• **Caption-style text data**:
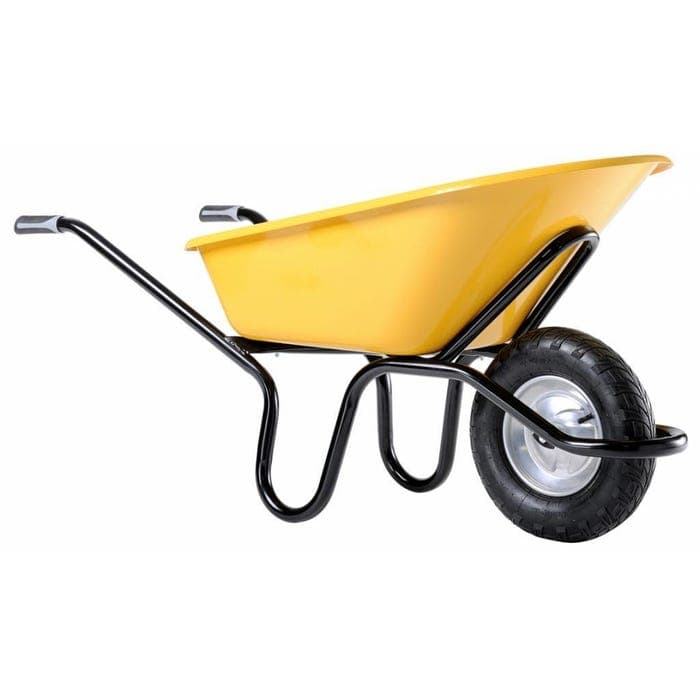 Brouette pro sélect bati plus roue gonflée 110L - HAEMMERLIN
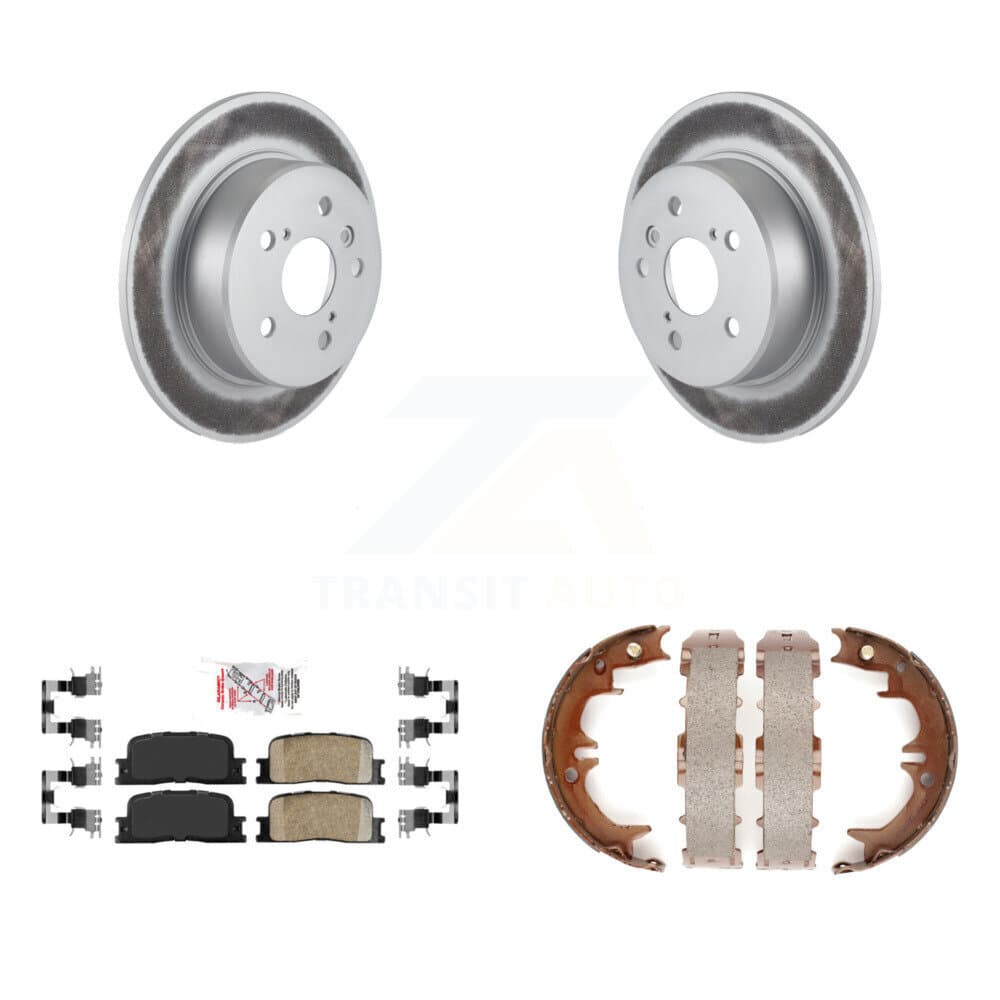 Transit Auto - KGA-106364 - Rear Disc Brake Kits image 1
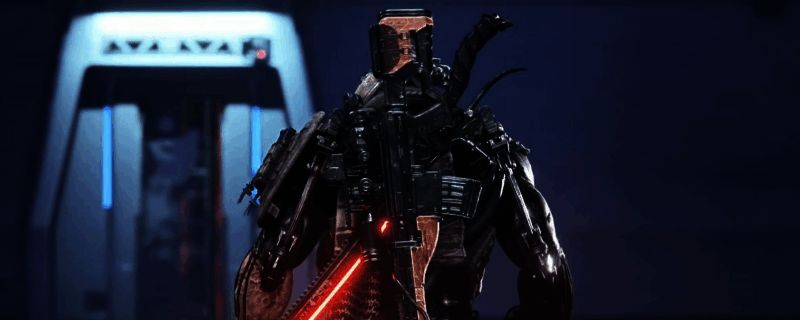 《剑星》中BOSS曼恩挥舞多种武器的精彩战斗画面,背景充满科技感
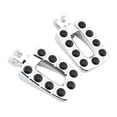 thumbnail image 3 of jinwen Motorcycle Foot Pegs Spare Parts Foot Pedals Rests for Scrambler Argent, 3 of 9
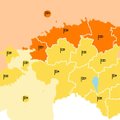 ILMATEADE | Tormituuled puhuvad üle Eesti ka nädalavahetusel 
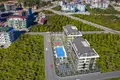 Квартира 1 комната 217 м² Алания, Турция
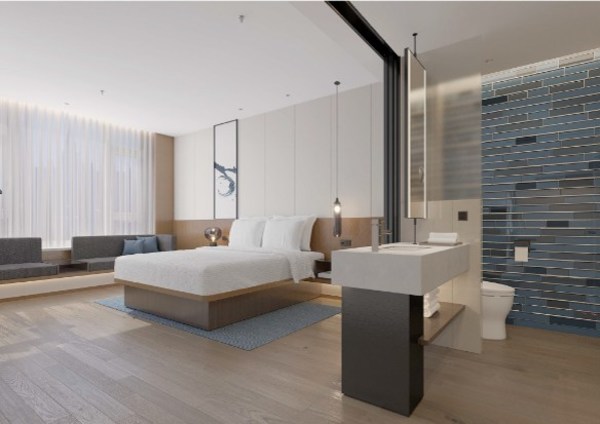 聊城東昌府萬楓酒店 – 客房效果圖 聊城東昌府萬楓酒店 – 客房效果圖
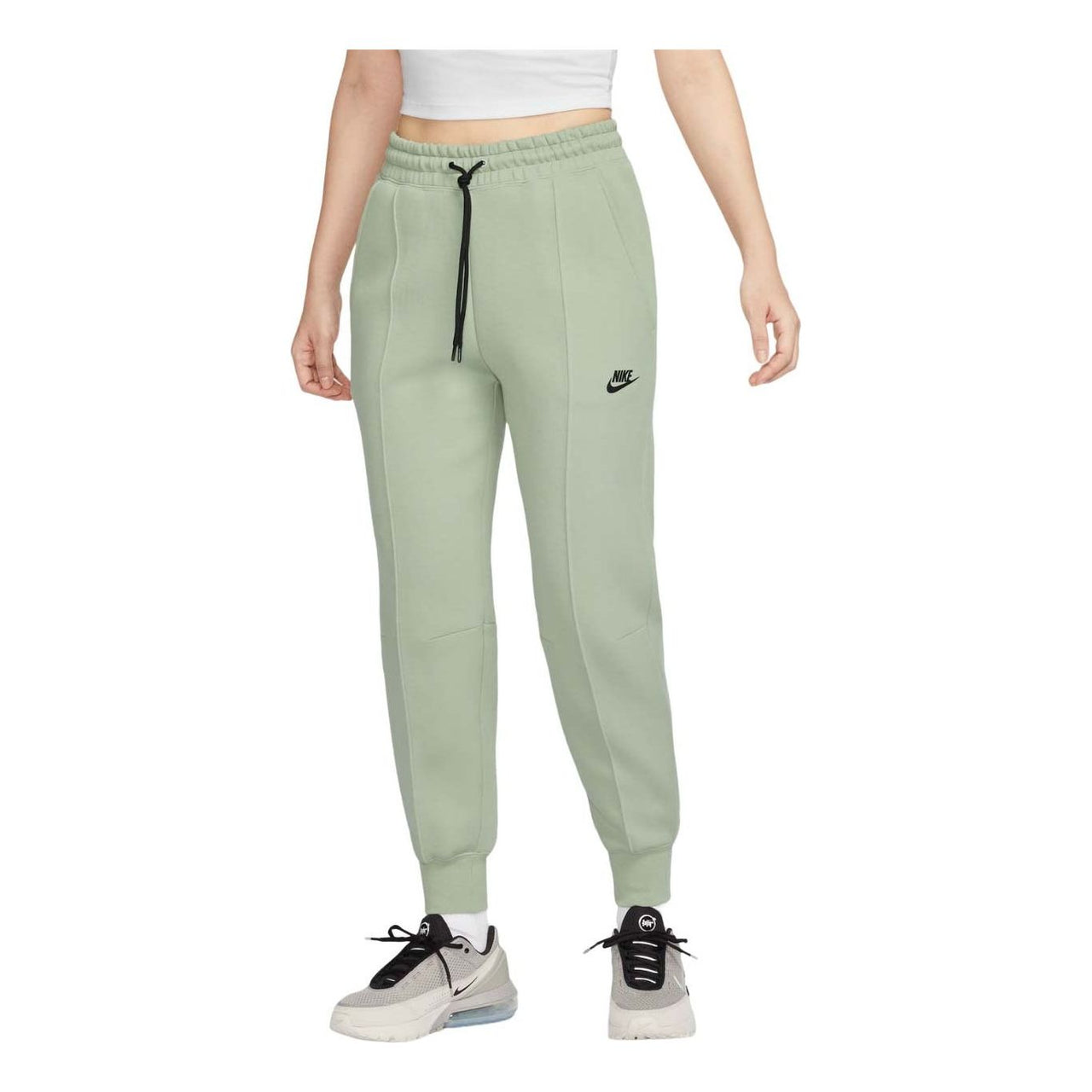 (WMNS) Nike Sportswear Tech Sweatpants Asia Sizing 'Jade Horizon' FB8331-370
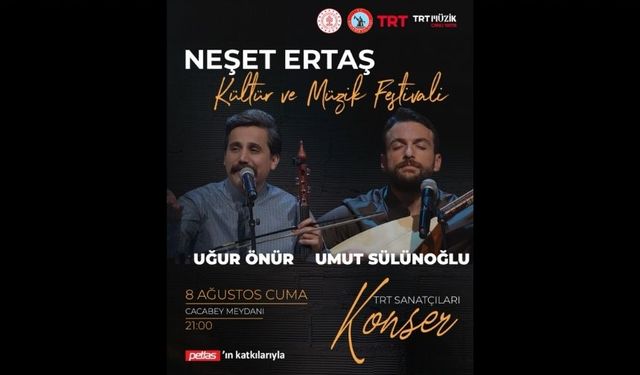Uğur Önür ve Umut Sülünoğlu, Kırşehirli Hayranlarıyla Buluşuyor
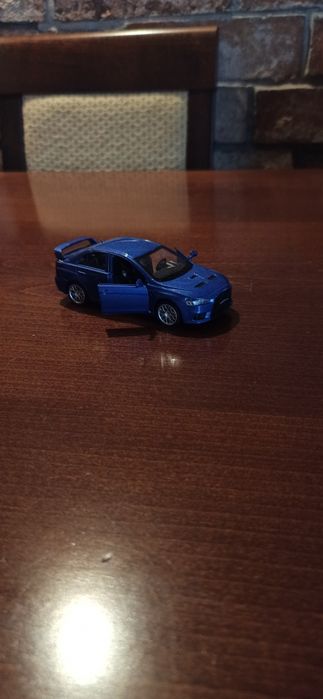 Model samochodu Mitsubishi Lancer Evolution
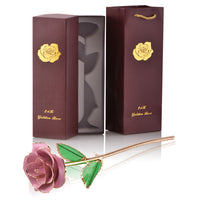 Eternal Love - Rose With Stand for Precious Gift-Artificial Flora-Golonzo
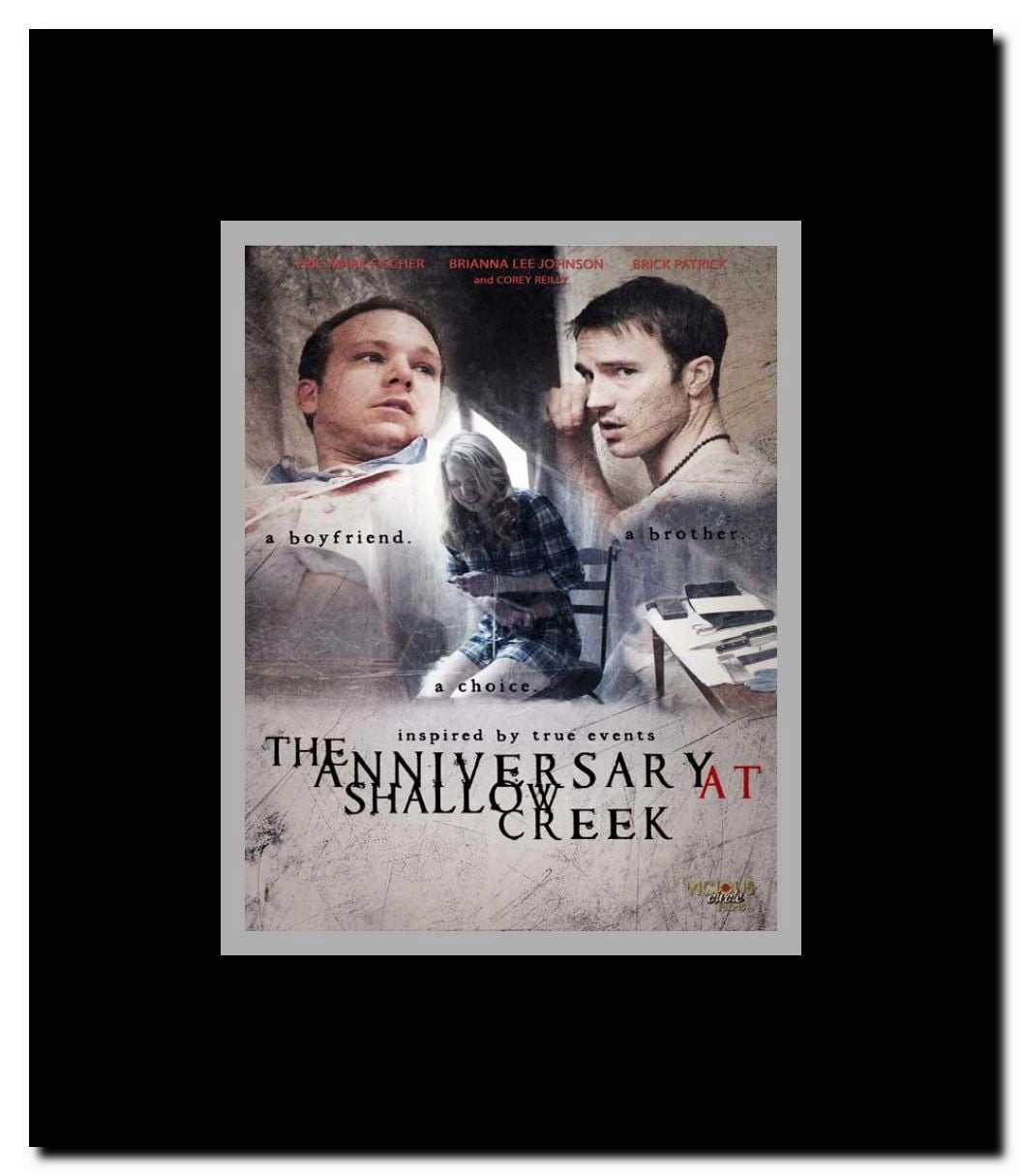 The Anniversary at Shallow Creek Framed Movie Poster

• **WHAT IS EXPECTED**:
The lines from the one containing "Uğur Önür ve" through the last line of the records are what you should copy, word for word and nothing else, with pictures left out.

• **TASK SOLUTION**:
Uğur Önür ve Umut Sülünoğlu, Kırşehirli Hayranlarıyla Buluşuyor
 Model samochodu Mitsubishi Lancer Evolution
 Eternal Love - Rose With Stand for Precious Gift-Artificial Flora-Golonzo
 The Anniversary at Shallow Creek Framed Movie Poster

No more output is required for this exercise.